What about the guilt from other people, if you are looking for it’s probably easier to spot then the kind you put on yourself, but in some cases it’s probably just as easy to miss all together. Certainly if someone tells you something you do bothers them, and you stop doing it even if you really enjoy doing it, that would be GMB. It’s something you actively want to do, but don’t because you know someone else doesn’t want you to do it. That’s different from not doing something because of how it effects someone because it’s their suggestion, which could be implied rather than direct, that is preventing you from whatever it is you wanted to do. A twist on Neil’s example would be spending time with someone you don’t want to because they told you how upset they were that they hadn’t hung out with you recently. You aren’t spending time with them because you want to, but rather because they made you feel guilty about not being there.
I’d imagine there are certain kinds of relationships that foster this better than others. You might feel more beholden to a family member or close friend then you would to someone on the street asking for spare change. That said you might be motivated to give that person some change if you know a friend or family member might make you feel guilty later on about leaving them empty handed.

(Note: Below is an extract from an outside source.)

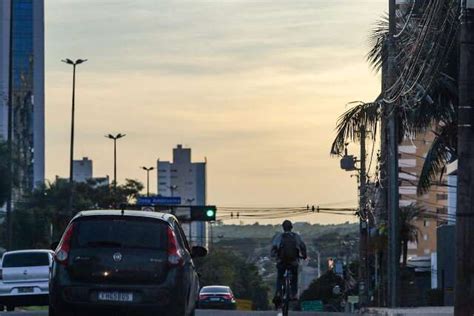 Quinta Feira Ser De Calor O E Tem Alerta Para Tempo Seco Em Ms Meio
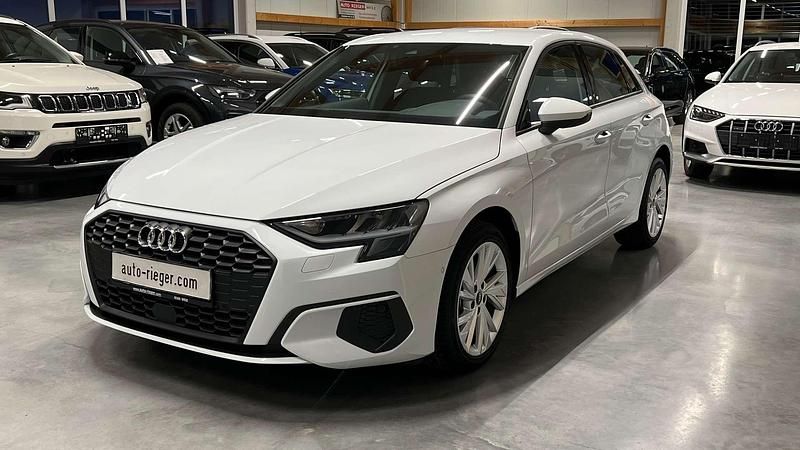Gebraucht Audi A3 116 PS (85 kW) 2024 Weiß Kleinwagen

I’ve been approaching this from the standpoint that GMB is something you might want to avoid, only because that was how the topic came up. That isn’t always the case, and there are certainly times when ignoring those guilt impulses might be selfish and just kind of lame. Let’s say my wife has very early morning flight, I might offer her a ride to the airport even though I know it would be much more comfortable to stay in bed and sleep. She might even offer to catch a cab and let me sleep, but I’d probably still opt to just give her a ride. There’s no question that staying in bed would be selfish, and even if she isn’t asking for a ride I’d feel guilty if she had to find one on her own so guilt is probably a motivator but I don’t think that’s a bad thing. Don’t get my wrong, I’m not offering because I don’t want to feel guilty, but rather because I know it’s the right thing to do and I know I’d be disappointed in myself if I didn’t. I’ve actually never made that thought progression until just now, and usually do it only because I think it’s the right thing to do.

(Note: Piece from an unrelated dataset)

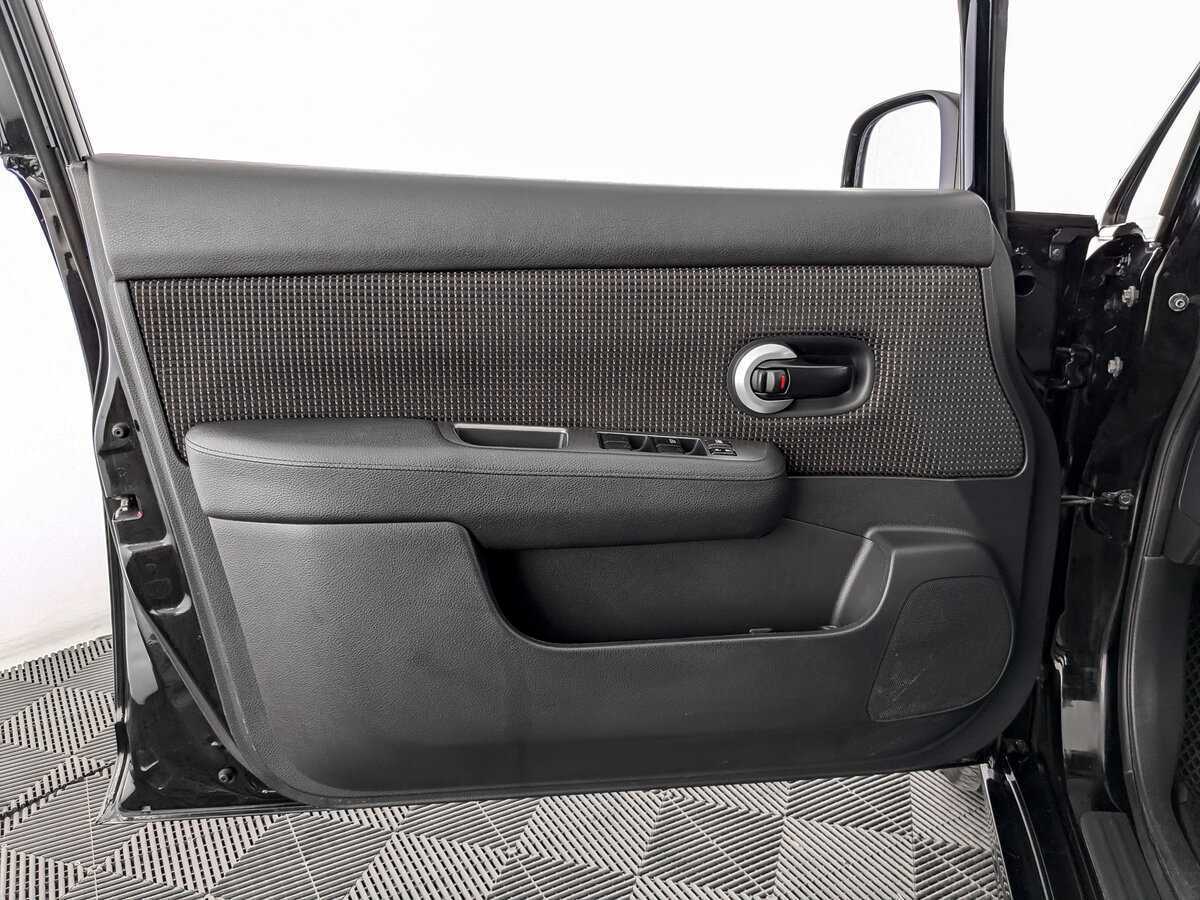 Nissan Tiida, 2013 - Фото №14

It’s like the working out example above, working out is good for you regardless of your motives, so maybe the trick isn’t to cut out any and all GMB, but to reexamine your own actions and intentions, and adjust your driving force. If you stop working out every day because you think it’s guilt motivated, that might be a bad thing. But if you work out every day because of positive thoughts about the effects rather then because of negative feelings about yourself if you didn’t you’ll probably be a much happier person in general. Again, the action isn’t nearly as important as the motive.
Usual disclaimer, it’s late and I’m rambling so this might be complete horsecrap that I’ll be embarrassed to read tomorrow. Or maybe not.